Milwaukee's police union said that it was outraged by the response to the shooting and that police officials granted its request to have officers ride in pairs. The union portrayed the man killed in the shooting as a hardened criminal, releasing a video with case numbers of Smith's court history.
"Leadership must denounce violent riotous behavior! There can be no appropriateness in rationalizing terrorist-like actions," the Milwaukee Police Assn. said in a statement. "The thugs that caused this are certainly terrorists and must be held accountable."
Smith had been in regular contact with police over the years, according to public records, including at least 32 mostly minor citations since 2010. The majority were traffic violations, including driving without insurance, not wearing a seat belt, reckless driving and driving with a suspended license. Last year, Smith was charged in a shooting with "recklessly endangering safety" and witness intimidation. Both charges were dismissed. Another case for shoplifting was also dismissed.
Maina Fetaw, a 21-year-old journalism student at University of Wisconsin-Milwaukee, found herself in the neighborhood Saturday because she was worried about her friends who live there.
"The feeling was a lot of anger and frustration," said Fetaw, who is black and lives a few miles from the area where violence broke out. "I saw tears and pain and confusion. Many chanting 'black power' or 'black lives matter.' Many people, many of the ones I knew personally, were angry about another death by the hands of police."

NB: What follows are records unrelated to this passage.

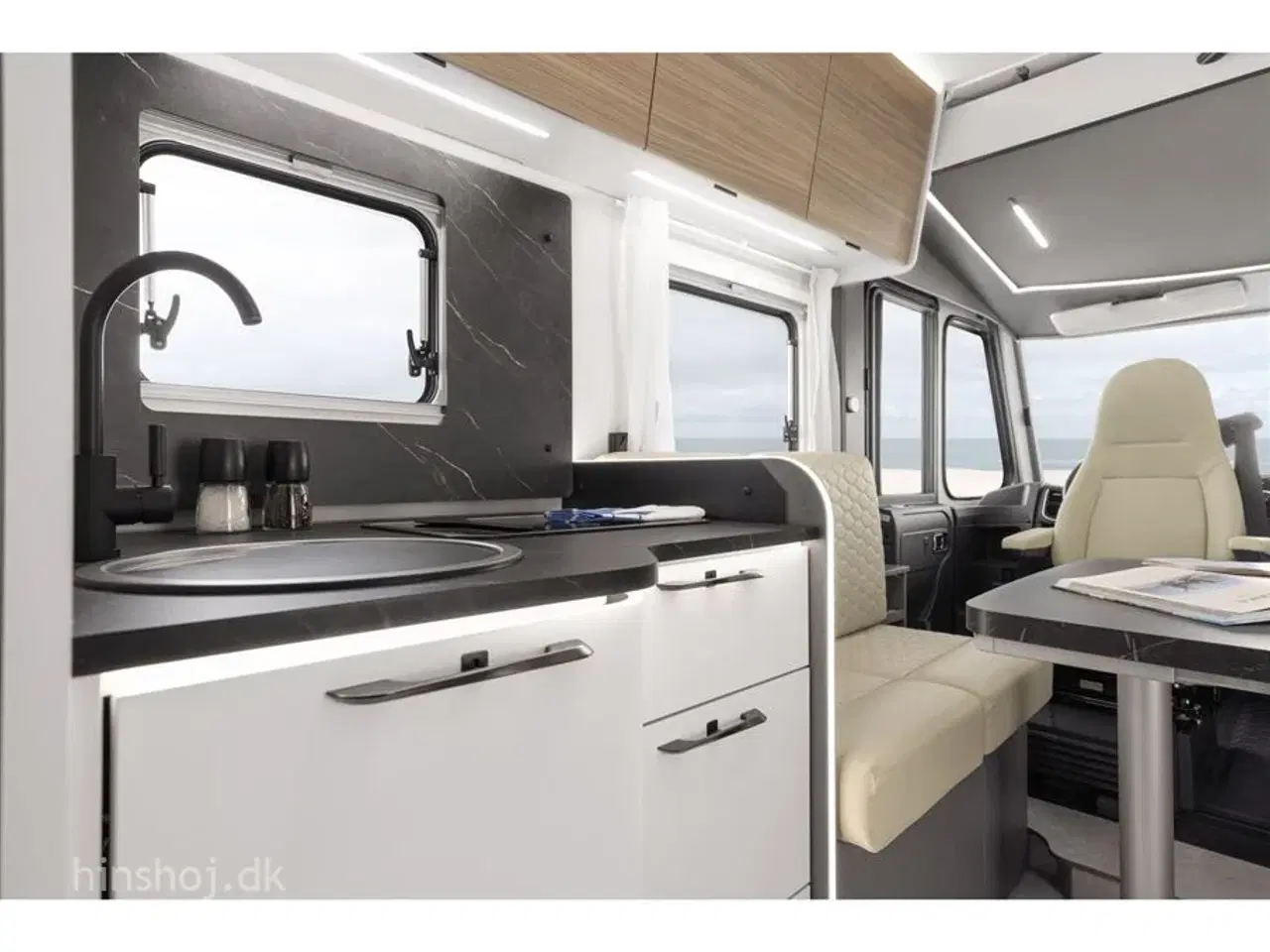 Billede 5 - 2026 - Etrusco I 7400 QBC Scandic Edition Etrusco by Hymer er Italiensk Elegance og Komfort fra Hinshøj Caravan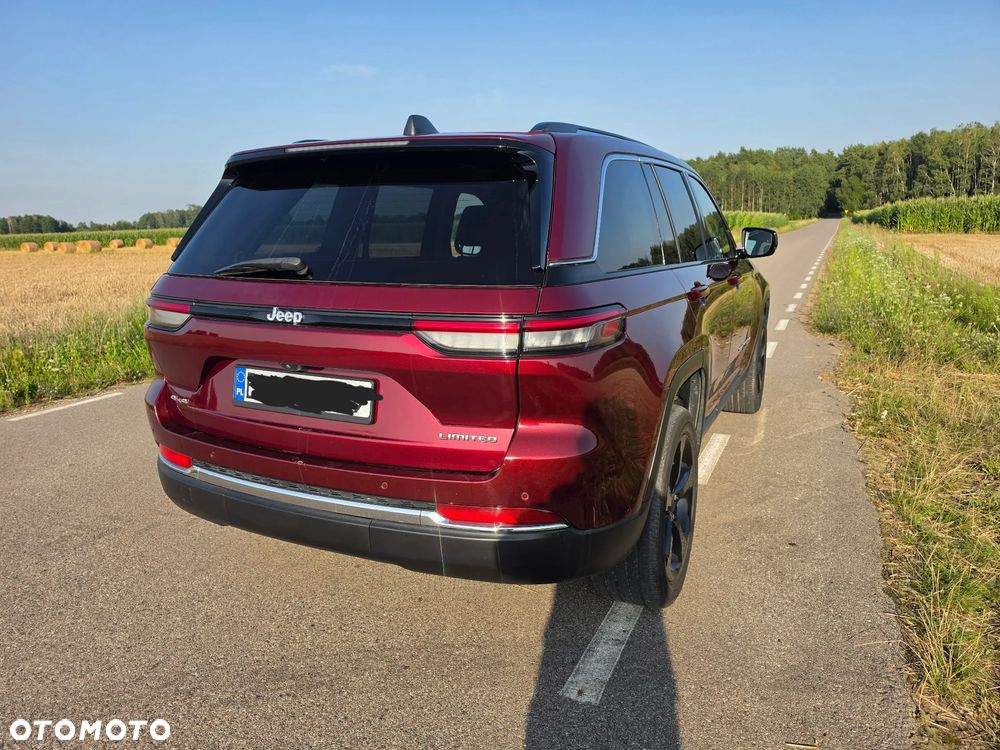 Jeep Grand Cherokee - 11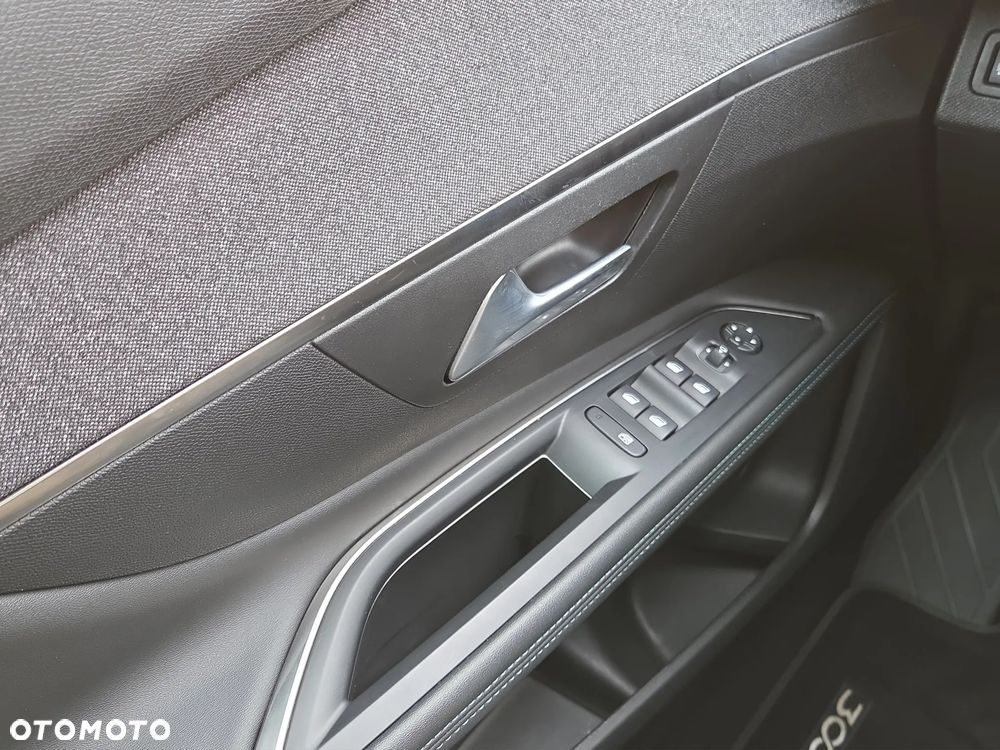 Peugeot 3008 1.5 BlueHDi Allure Pack S&S EAT8 - 11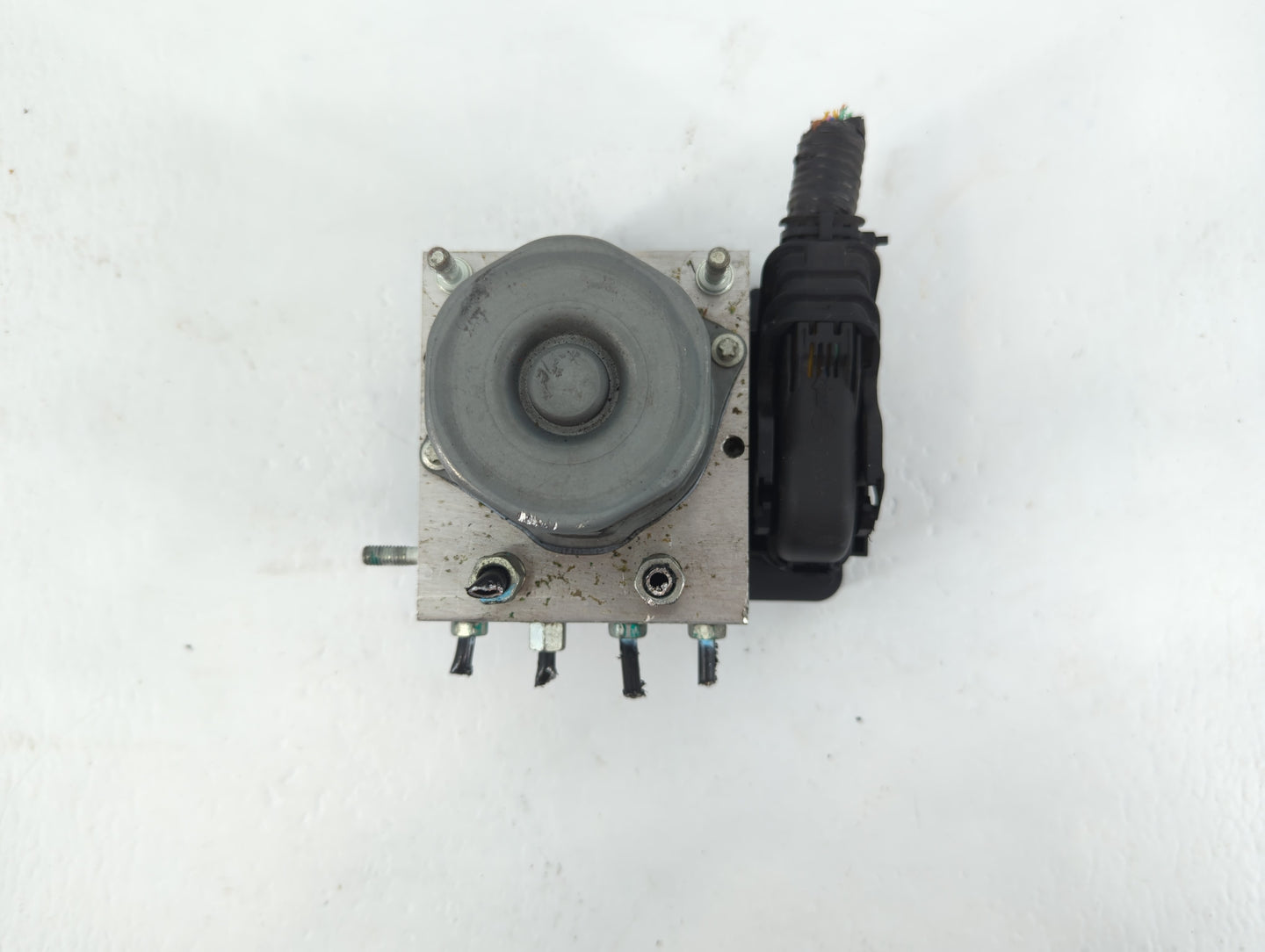 2018 Nissan Rogue ABS Pump Control Module Replacement P/N:47660 5HR1A Fits OEM Used Auto Parts - Oemusedautoparts1.com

On Sunday morning, residents, clergy members and activists gathered to hold prayer circles where fires had burned the night before and to clean up the streets.
The Coalition for Justice, a group that formed in the wake of Hamilton's death, put out a call for the cleanup and said the violence had burst open after years of black residents' frustration over inequalities.

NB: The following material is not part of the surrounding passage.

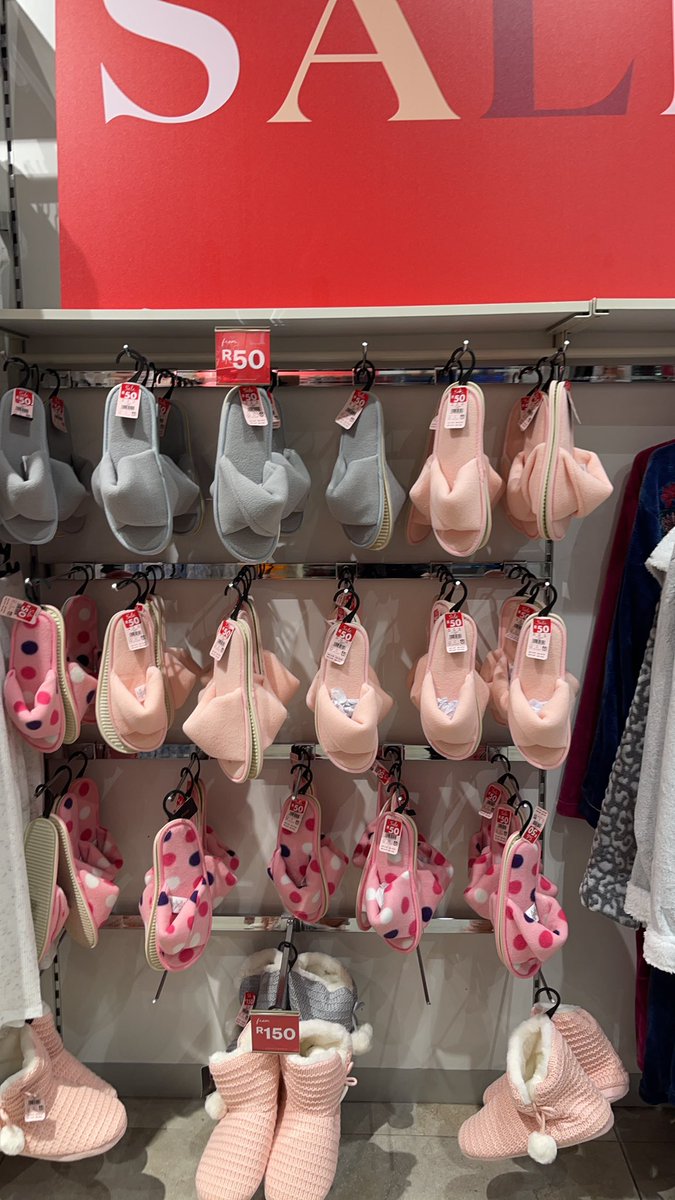 plug_yourself's tweet photo. Hi ladies good quality underwear’s are on buy 3 for R250, then they have these amazing sleepers that are going for R50 go #plugyourself 😊 #GirlzTalkZa #GirlBuyZa #girlstalkza #girltalkza bras n things store https://t.co/QA1M3rP5za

"What happened last night was a revolt and an uproar, not just a disturbance. The media have no problem to classify us at thugs but have been reluctant to call a spade a spade," the group said. "The people are angry. The people are fed up, and the people are demanding their freedom."

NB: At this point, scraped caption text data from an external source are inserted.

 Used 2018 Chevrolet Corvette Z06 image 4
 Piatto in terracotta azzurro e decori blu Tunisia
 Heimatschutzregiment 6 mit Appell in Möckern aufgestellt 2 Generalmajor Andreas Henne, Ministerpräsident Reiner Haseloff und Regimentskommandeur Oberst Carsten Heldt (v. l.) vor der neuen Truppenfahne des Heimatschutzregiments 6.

Dozens of protesters had gathered separately Sunday afternoon and evening on the street near the BP gas station that was set ablaze the previous night, as well as outside the District 7 police station in Sherman Park, chanting, "Black lives matter!"
Small vigils and protests of dozens of people, many peaceful, continued into the night. Several local and outside groups, including a Moorish organization, Black Panthers and church pamphleteers, converged in the streets, saying they were there to protest. Shots were heard throughout the night as some protestors faced off with police on streets around the neighborhood. Several threw rocks or bricks at officers and were arrested. Others were arrested for not dispersing after police announced that they were part of an "unlawful assembly."
About 10:45 p.m., police clashed with protesters near Sherman Park as protesters blocked a street and threw rocks at officers. One person was shot and taken to a hospital, police said. At around 12:15 a.m., an officer was taken to the hospital from an injury after a rock went through his car window, and an 18-year-old boy was later taken to the hospital after being shot hit by what appeared to be a stray bullet, police said. A car in the neighborhood was set ablaze for at least 15 minutes before fire officials put it out after 1 a.m.
The weekend had shocked residents, who have become accustomed to news of violence but not of riots or arson. What happened over the weekend was "unlike anything I have seen in my adult life in this city," Mayor Tom Barrett said. "I hope I never see it again."
Kaleem reported from Milwaukee and Pearce from Los Angeles.